Correlation Between Bank of America and Fidelity Low
Can any of the company-specific risk be diversified away by investing in both Bank of America and Fidelity Low at the same time? Although using a correlation coefficient on its own may not help to predict future stock returns, this module helps to understand the diversifiable risk of combining Bank of America and Fidelity Low into the same portfolio, which is an essential part of the fundamental portfolio management process.
By analyzing existing cross correlation between Bank of America and Fidelity Low Duration, you can compare the effects of market volatilities on Bank of America and Fidelity Low and check how they will diversify away market risk if combined in the same portfolio for a given time horizon. You can also utilize pair trading strategies of matching a long position in Bank of America with a short position of Fidelity Low. Check out your portfolio center. Please also check ongoing floating volatility patterns of Bank of America and Fidelity Low.

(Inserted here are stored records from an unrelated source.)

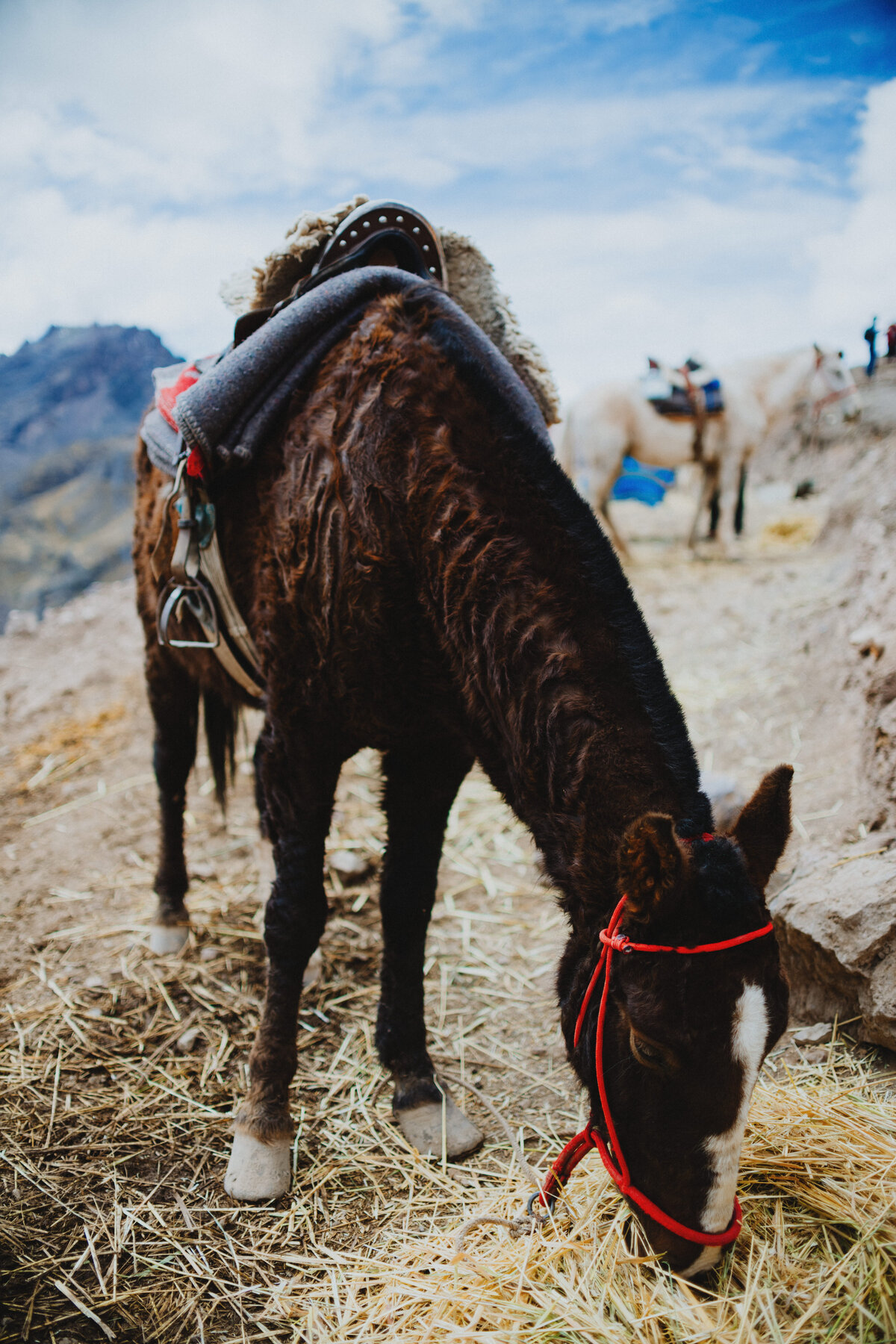 220805_Peru_30
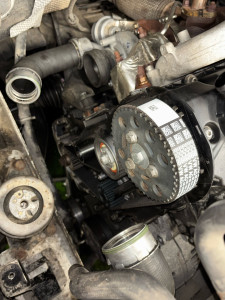 Photo de galerie - D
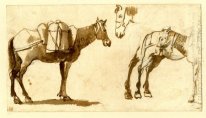 Desenho de mulas incluindo um Corpo Inteiro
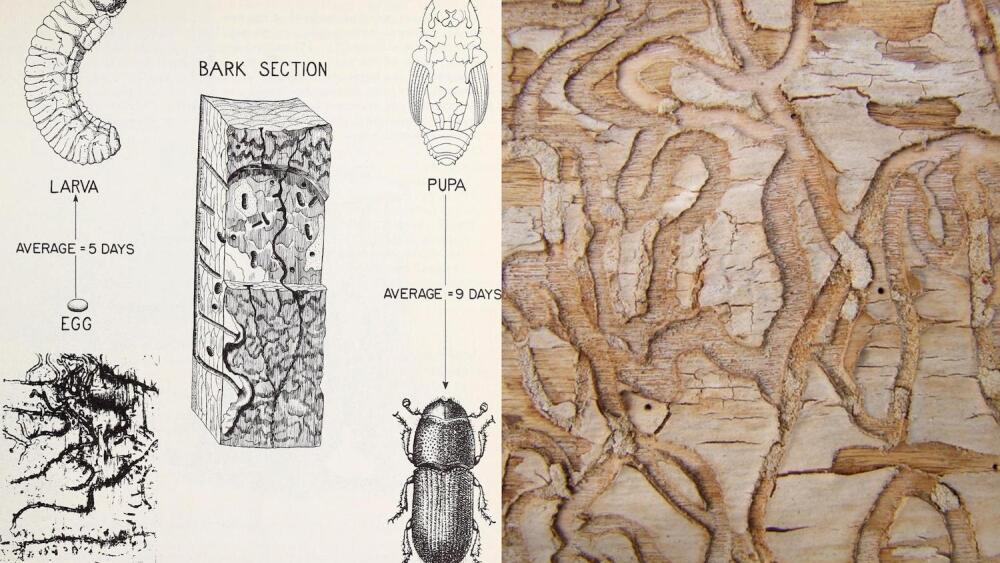 A diagram of timber beetles and their effect on wood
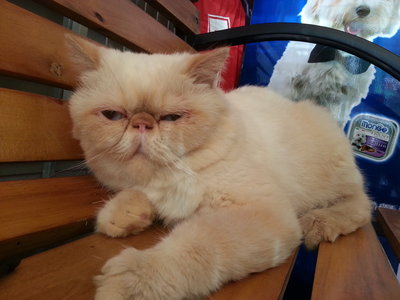 Exotic Male - Exotic Shorthair Cat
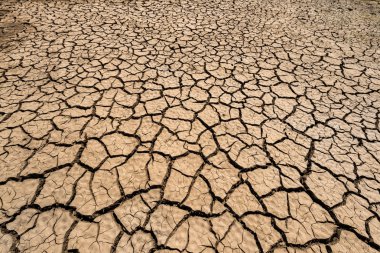 Kırık kuraklık arazi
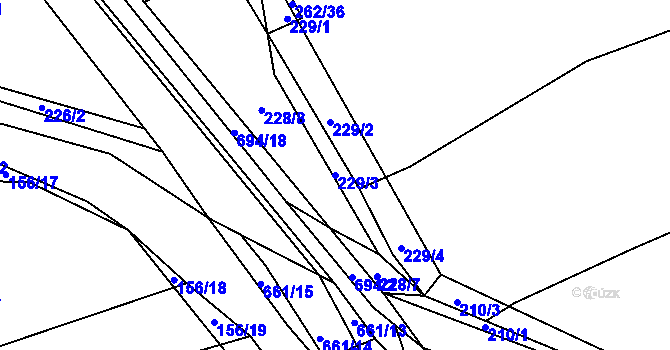 Parcela st. 229/3 v KÚ Dolní Svince, Katastrální mapa
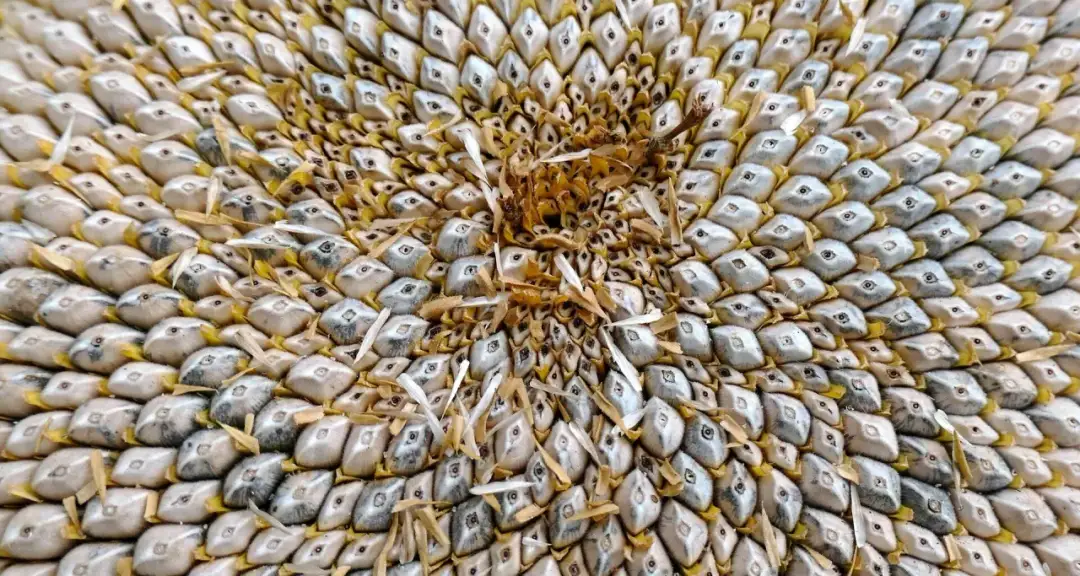 Czy pies może jeść pestki słonecznika? Bezpieczeństwo i zagrożenia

Diversification Opportunities for Bank of America and Fidelity Low
0.91 | Correlation Coefficient |
Almost no diversification
The 3 months correlation between Bank and Fidelity is 0.91. Overlapping area represents the amount of risk that can be diversified away by holding Bank of America and Fidelity Low Duration in the same portfolio, assuming nothing else is changed. The correlation between historical prices or returns on Fidelity Low Duration and Bank of America is a relative statistical measure of the degree to which these equity instruments tend to move together. The correlation coefficient measures the extent to which returns on Bank of America are associated (or correlated) with Fidelity Low. Values of the correlation coefficient range from -1 to +1, where. The correlation of zero (0) is possible when the price movement of Fidelity Low Duration has no effect on the direction of Bank of America i.e., Bank of America and Fidelity Low go up and down completely randomly.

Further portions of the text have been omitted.